* **YOUR INSTRUCTIONS**
Give back each entry verbatim.

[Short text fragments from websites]
══════
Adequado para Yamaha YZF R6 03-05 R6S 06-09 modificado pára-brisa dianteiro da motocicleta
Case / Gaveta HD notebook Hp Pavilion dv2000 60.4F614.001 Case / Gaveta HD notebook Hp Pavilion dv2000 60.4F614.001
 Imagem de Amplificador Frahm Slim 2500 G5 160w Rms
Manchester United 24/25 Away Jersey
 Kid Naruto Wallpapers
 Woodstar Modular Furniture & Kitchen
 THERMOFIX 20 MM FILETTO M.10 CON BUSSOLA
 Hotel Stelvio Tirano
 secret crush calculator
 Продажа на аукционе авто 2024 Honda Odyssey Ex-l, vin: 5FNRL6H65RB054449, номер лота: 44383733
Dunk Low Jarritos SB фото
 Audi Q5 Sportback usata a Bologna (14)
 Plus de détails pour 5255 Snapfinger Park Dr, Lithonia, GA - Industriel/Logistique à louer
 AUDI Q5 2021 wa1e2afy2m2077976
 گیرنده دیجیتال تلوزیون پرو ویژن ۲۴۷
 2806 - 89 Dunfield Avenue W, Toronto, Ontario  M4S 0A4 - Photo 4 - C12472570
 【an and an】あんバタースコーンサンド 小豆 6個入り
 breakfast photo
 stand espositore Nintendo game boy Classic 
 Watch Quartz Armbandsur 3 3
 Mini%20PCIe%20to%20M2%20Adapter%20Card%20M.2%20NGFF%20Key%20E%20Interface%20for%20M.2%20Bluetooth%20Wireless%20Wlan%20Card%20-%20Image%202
══════
* **SOLVED PROBLEM**
Adequado para Yamaha YZF R6 03-05 R6S 06-09 modificado pára-brisa dianteiro da motocicleta
Case / Gaveta HD notebook Hp Pavilion dv2000 60.4F614.001 Case / Gaveta HD notebook Hp Pavilion dv2000 60.4F614.001
 Imagem de Amplificador Frahm Slim 2500 G5 160w Rms
Manchester United 24/25 Away Jersey
 Kid Naruto Wallpapers
 Woodstar Modular Furniture & Kitchen
 THERMOFIX 20 MM FILETTO M.10 CON BUSSOLA
 Hotel Stelvio Tirano
 secret crush calculator
 Продажа на аукционе авто 2024 Honda Odyssey Ex-l, vin: 5FNRL6H65RB054449, номер лота: 44383733
Dunk Low Jarritos SB фото
 Audi Q5 Sportback usata a Bologna (14)
 Plus de détails pour 5255 Snapfinger Park Dr, Lithonia, GA - Industriel/Logistique à louer
 AUDI Q5 2021 wa1e2afy2m2077976
 گیرنده دیجیتال تلوزیون پرو ویژن ۲۴۷
 2806 - 89 Dunfield Avenue W, Toronto, Ontario  M4S 0A4 - Photo 4 - C12472570
 【an and an】あんバタースコーンサンド 小豆 6個入り
 breakfast photo
 stand espositore Nintendo game boy Classic 
 Watch Quartz Armbandsur 3 3
 Mini%20PCIe%20to%20M2%20Adapter%20Card%20M.2%20NGFF%20Key%20E%20Interface%20for%20M.2%20Bluetooth%20Wireless%20Wlan%20Card%20-%20Image%202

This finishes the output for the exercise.